----- DATASET RECORDS -----
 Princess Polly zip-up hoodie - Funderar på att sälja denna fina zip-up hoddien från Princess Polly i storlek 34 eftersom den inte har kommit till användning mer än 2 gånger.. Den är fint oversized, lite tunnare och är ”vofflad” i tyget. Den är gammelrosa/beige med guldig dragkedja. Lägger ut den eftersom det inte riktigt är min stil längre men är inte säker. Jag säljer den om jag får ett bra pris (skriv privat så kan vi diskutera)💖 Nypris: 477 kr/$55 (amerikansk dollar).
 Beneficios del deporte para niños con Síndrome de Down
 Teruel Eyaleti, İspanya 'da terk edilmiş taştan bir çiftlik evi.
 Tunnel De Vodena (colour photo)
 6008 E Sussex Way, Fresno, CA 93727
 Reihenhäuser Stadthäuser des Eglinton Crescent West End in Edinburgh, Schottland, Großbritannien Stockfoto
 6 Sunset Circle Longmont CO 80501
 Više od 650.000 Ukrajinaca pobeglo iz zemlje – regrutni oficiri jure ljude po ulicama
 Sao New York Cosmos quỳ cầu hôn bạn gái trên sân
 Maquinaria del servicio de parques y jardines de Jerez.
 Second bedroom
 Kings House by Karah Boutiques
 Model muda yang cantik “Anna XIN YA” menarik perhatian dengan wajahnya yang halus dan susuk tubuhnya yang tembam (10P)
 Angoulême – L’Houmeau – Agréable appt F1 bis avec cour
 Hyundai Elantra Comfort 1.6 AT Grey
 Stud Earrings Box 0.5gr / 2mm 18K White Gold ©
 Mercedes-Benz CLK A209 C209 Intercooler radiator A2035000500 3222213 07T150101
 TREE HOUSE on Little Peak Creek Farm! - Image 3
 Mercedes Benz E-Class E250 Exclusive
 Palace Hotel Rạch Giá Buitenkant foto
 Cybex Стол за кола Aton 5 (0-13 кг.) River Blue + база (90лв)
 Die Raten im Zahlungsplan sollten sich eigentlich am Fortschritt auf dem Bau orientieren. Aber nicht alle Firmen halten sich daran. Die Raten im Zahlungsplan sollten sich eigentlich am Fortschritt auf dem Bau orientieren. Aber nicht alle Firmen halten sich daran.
-----
Only the lines from the one containing "Model muda yang" through the last line of the records above are to be reproduced, exactly and with both ends included.

_TASK RESULT_.
 Model muda yang cantik “Anna XIN YA” menarik perhatian dengan wajahnya yang halus dan susuk tubuhnya yang tembam (10P)
 Angoulême – L’Houmeau – Agréable appt F1 bis avec cour
 Hyundai Elantra Comfort 1.6 AT Grey
 Stud Earrings Box 0.5gr / 2mm 18K White Gold ©
 Mercedes-Benz CLK A209 C209 Intercooler radiator A2035000500 3222213 07T150101
 TREE HOUSE on Little Peak Creek Farm! - Image 3
 Mercedes Benz E-Class E250 Exclusive
 Palace Hotel Rạch Giá Buitenkant foto
 Cybex Стол за кола Aton 5 (0-13 кг.) River Blue + база (90лв)
 Die Raten im Zahlungsplan sollten sich eigentlich am Fortschritt auf dem Bau orientieren. Aber nicht alle Firmen halten sich daran. Die Raten im Zahlungsplan sollten sich eigentlich am Fortschritt auf dem Bau orientieren. Aber nicht alle Firmen halten sich daran.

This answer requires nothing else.